Abstract
Aims and Objectives:
Evaluation of neonatal hypernatremia and hypernatremic dehydration in neonates receiving exclusive breastfeeding.
Introduction:
Neonatal hypernatremia is a serious condition in the newborn period. We present infants with hypernatremic dehydration due to breast milk (BM) hypernatremia. Hypernatremic dehydration in breast-fed newborns is usually secondary to insufficient lactation. We present the neonatal hypernatremia and hypernatremic dehydration encountered between January and December, 2012, its causes and treatment.
Methodology:
This was a retrospective study. We analyzed records of babies admitted to the Neonatal Intensive Care Unit who were investigated and found to have hypernatremia and whose mother's BM sodium (BM Na) was done.
Inclusion Criteria:
(1) Babies with serum Na >145 meq/l, (2) euglycemia, (3) normocalcemic, (4) no clinical and lab evidence of sepsis, (5) exclusive breast feeds.
Exclusion Criteria:
Neonates not satisfying any mentioned criterion.
Results:
BM Na correlated strongly with neonatal hypernatremia in exclusively breast-fed babies who did not otherwise have any risk factor.
Conclusion:
Elevated BM Na is an important etiological factor in neonatal hypernatremia.
Keywords: Breast milk sodium, exclusive breastfeeding, neonatal hypernatremia
Introduction
Neonatal hypernatremia is a potentially lethal condition and is associated with cerebral edema, intracranial hemorrhage, hydrocephalus, and gangrene.[1] Hypernatremia was previously thought to be unusual in breast-fed babies. Nevertheless, from 1979 to 1989, there were sporadic reports of hypernatremia dehydration occurring in breast-fed babies.[2,3,4,5,6] Since 1990s, there has been an increase in the number of breastfed infants reported to have hypernatremia and hypernatremic dehydration. The condition carries an acute morbidity and mortality.

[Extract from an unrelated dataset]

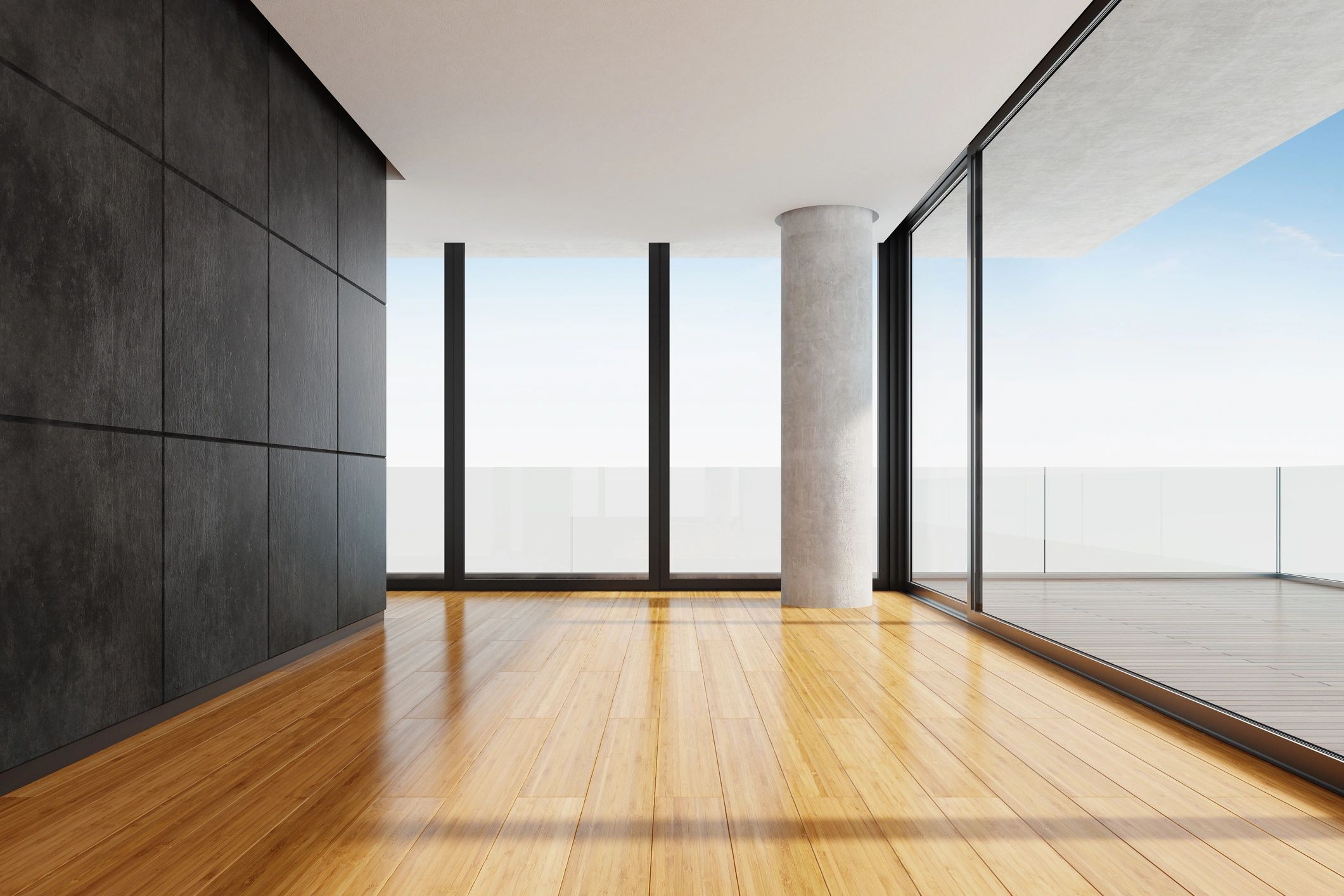 Modern living space with large sliding patio doors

Normal neonatal feeding is advocated on demand every 2 h, with a minimum intake of 30 ml of breast milk (BM)/feed. Adequate BM intake depends on several interrelated stages such as normal mammary development (mammogenesis), unimpeded initiation of lactation (lactogenesis), sustained ongoing milk synthesis (galactopoiesis), and effective milk removal. Milk removal depends on effective maternal and infant breastfeeding techniques, combined with an intact milk-ejection reflex, and total daily milk intake depends on the frequency and duration of feeds.[7] It is normal over the 1st week of life for the neonate to lose as much as 7% of its birth weight through normal diuresis. Neonates should start to gain weight thereafter and regain their birth weight by the 10th day of life. Rapid weight loss or weight loss >7% of birth weight is a cause for concern. The first signs of neonatal dehydration include the failure to have bowel movements or the presence of urate crystals, combined with weight loss.[8]
Methodology
We analyzed records of babies admitted to the Neonatal Intensive Care Unit (NICU) who were investigated and found to have hypernatremia. BM sodium (BM Na) of mothers of such infants was also done when neonatal hypernatremia was detected. Eight such cases are reported here. The symptoms and signs of hypernatremia in neonates that we encountered were lethargy, irritability reduce urinary frequency, weight loss, fever, doughy skin. These neonates were referred from the postnatal care wards to the NICU for lethargy and poor feeding. Their births were uneventful and were placed with the mothers for routine care postdelivery. They were thoroughly evaluated for sepsis, hypoglycemia, hypocalcemia, and serum electrolytes. These babies were on exclusive breastfeeding. Babies were euglycemic, normocalcemic, and with septic screen negative but increased serum Na were included in this study. BM Na of the mother's milk was also done. Mothers whose BM Na was not done at the time of neonatal hypernatremia were excluded.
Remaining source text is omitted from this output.